Triggered: Misophonia Redux

I’ve written about misophonia before. And tonight I need to write about it again. Calling it out, naming it, can help sometimes, can defuse some of my anger response. A quick explanation:

Misophonia, or the hatred of sound, is a disorder. People who deal with it — people like me — are set off by specific sounds. And the response to hearing those sounds can be irritation, rage, panic, the need to flee. It makes sufferers feel as if they’re being driven insane. Fun times, right?

So yes, misophonia. I have it. Or, most accurately, it has me … has me tied up in knots and twisting in the wind. I might be happier if my response was the need to flee, but no. My response has always been instant rage. Zero to infinity in a nanosecond. A shaking, head-exploding rage. Picture me the way anger is depicted in the movie, Inside Out.

I have a long list of sound triggers. Mouth noises are my kryptonite, but knuckle-cracking is also pretty horrible for me. Loud yawns, certain voices. Yes, driven into a rage by the sound of someone’s voice, something they cannot control and certainly can’t be blamed for.

I finally learned that misophonia was an actual, for-real disorder about 10 years ago. And it’s only been a named and recognized thing since 2001. I’m picturing a crowd of misophones somehow finding one another then banding together and fighting to get the medical establishment to recognize them. I see them taking to the streets, shouting, “We’re here! We’re here!” like in Horton Hears a Who. You know, or something.

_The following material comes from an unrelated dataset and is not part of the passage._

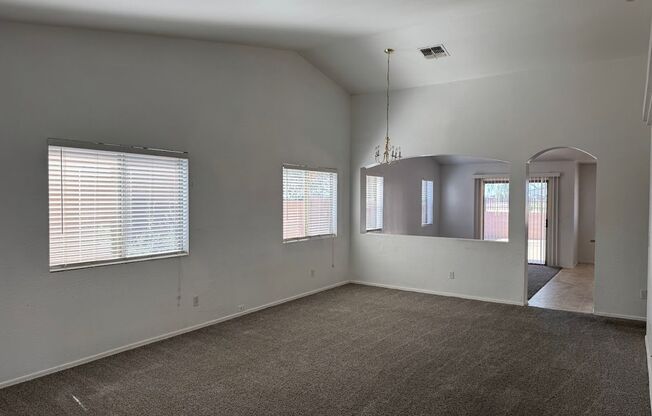 Beautiful 4 Bedroom Home for Rent in Tolleson!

Learning about it was as glorious as the sun breaking through the clouds after a storm. Learning about it meant I wasn’t imagining it and that I wasn’t the only person suffering from it — if people were writing articles about a problem I had that I’d never mentioned to a soul, that meant other people were having the same problem, and I wasn’t alone in my craziness. Most importantly, misophonia being a real thing with a name meant I wasn’t the horrible person I’d lived my whole life believing myself to be, a monster who got crazy-angry at people when they made everyday noises that shouldn’t have inspired violence in my heart.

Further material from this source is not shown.